◆ WHAT THE TASK REQUIRES:
Please write the listing below out again exactly, leaving every picture behind.

◆ DATA:
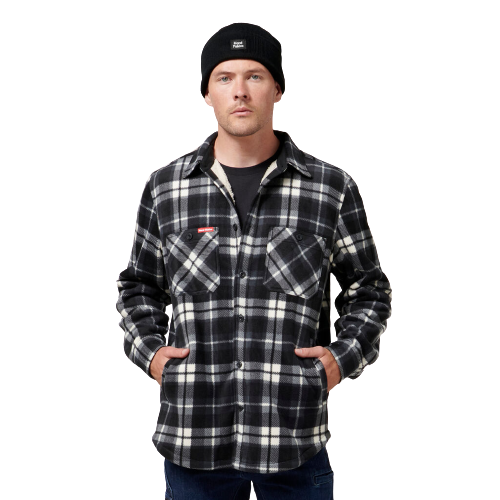 Hard Yakka Mens Legends Sherpa Comfy Fleece Jacket With Free Beanie Work Y06518-Collins Clothing Co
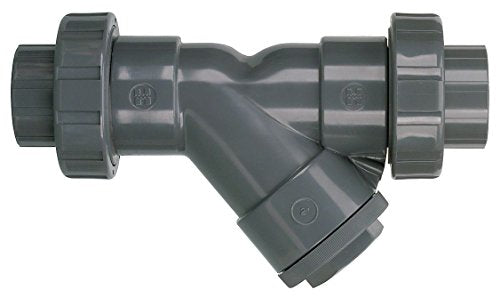 Hayward YS10250TU 2-1/2-Inch Threaded True Union PVC Y-Strainer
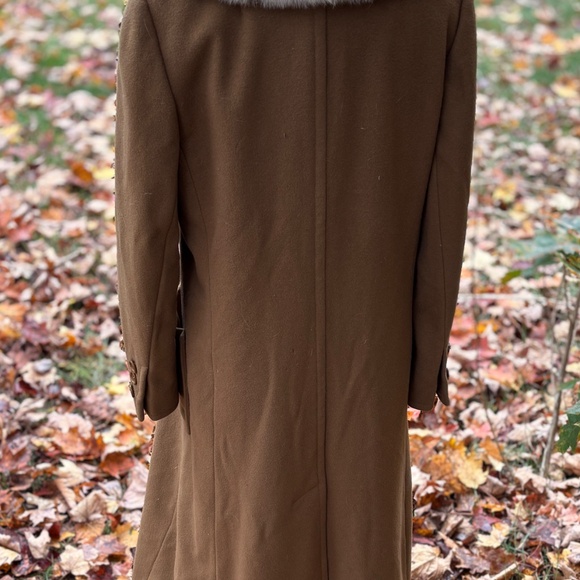 Saks Wool/Fur Coat - Picture 4 of 6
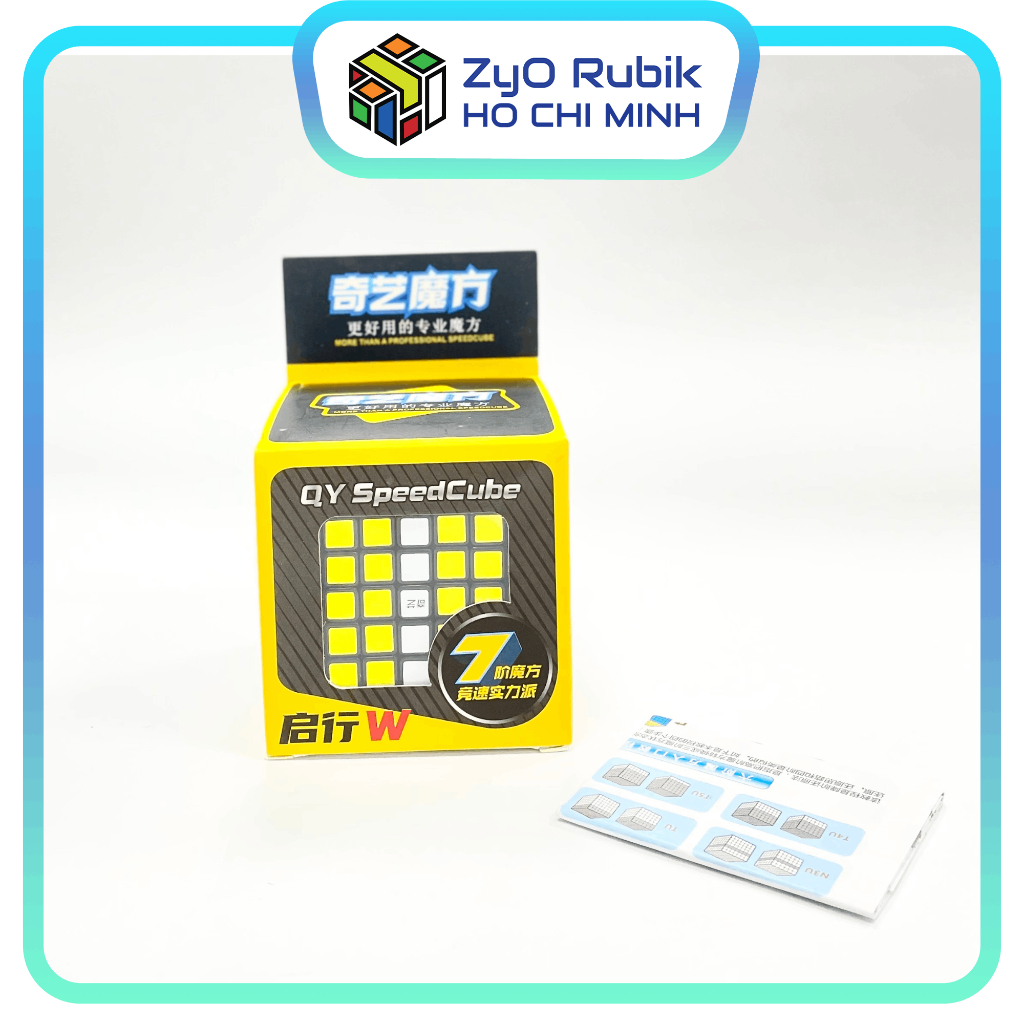 Rubik 7x7 Qiyi Qixing Sticker - Rubik 7 Tầng - Đồ Chơi Phát Triển Trí Tuệ - Zyo Rubik Hồ Chí Minh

◆ RESULT BELOW:
 Hard Yakka Mens Legends Sherpa Comfy Fleece Jacket With Free Beanie Work Y06518-Collins Clothing Co
 Hayward YS10250TU 2-1/2-Inch Threaded True Union PVC Y-Strainer
 Saks Wool/Fur Coat - Picture 4 of 6
 Rubik 7x7 Qiyi Qixing Sticker - Rubik 7 Tầng - Đồ Chơi Phát Triển Trí Tuệ - Zyo Rubik Hồ Chí Minh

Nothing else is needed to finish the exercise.